Pektas A., ACARMAN T.

IET INFORMATION SECURITY, vol.12, no.2, pp.107-117, 2018 (SCI-Expanded) identifier identifier

  • Publication Type: Article / Article
  • Volume: 12 Issue: 2
  • Publication Date: 2018
  • Doi Number: 10.1049/iet-ifs.2017.0430
  • Journal Name: IET INFORMATION SECURITY
  • Journal Indexes: Science Citation Index Expanded (SCI-EXPANDED), Scopus
  • Page Numbers: pp.107-117
  • Keywords: learning (artificial intelligence), data mining, application program interfaces, pattern classification, invasive software, malware classification accuracy, baseline classifiers, online machine learning algorithms, classification model, malicious API pattern extraction, Voting Experts algorithm, behaviour-based features, API call sequences, n-gram, mining, application programming interface call, Windows malware, runtime behaviour-based classification procedure, behaviour analysis, malware classification
  • Galatasaray University Affiliated: Yes

Abstract

This study presents the runtime behaviour-based classification procedure for Windows malware.
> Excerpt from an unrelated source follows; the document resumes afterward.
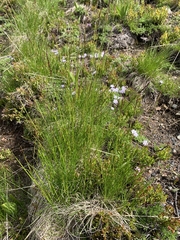 Festuca viridula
Runtime behaviours are extracted with a particular focus on the determination of a malicious sequence of application programming interface (API) calls in addition to the file, network and registry activities. Mining and searching n-gram over API call sequences is introduced to discover episodes representing behaviour-based features of a malware. Voting Experts algorithm is used to extract malicious API patterns over API calls. The classification model is built by applying online machine learning algorithms and compared with the baseline classifiers. The model is trained and tested with a fairly large set of 17,400 malware samples belonging to 60 distinct families and 532 benign samples. The malware classification accuracy is reached at 98%.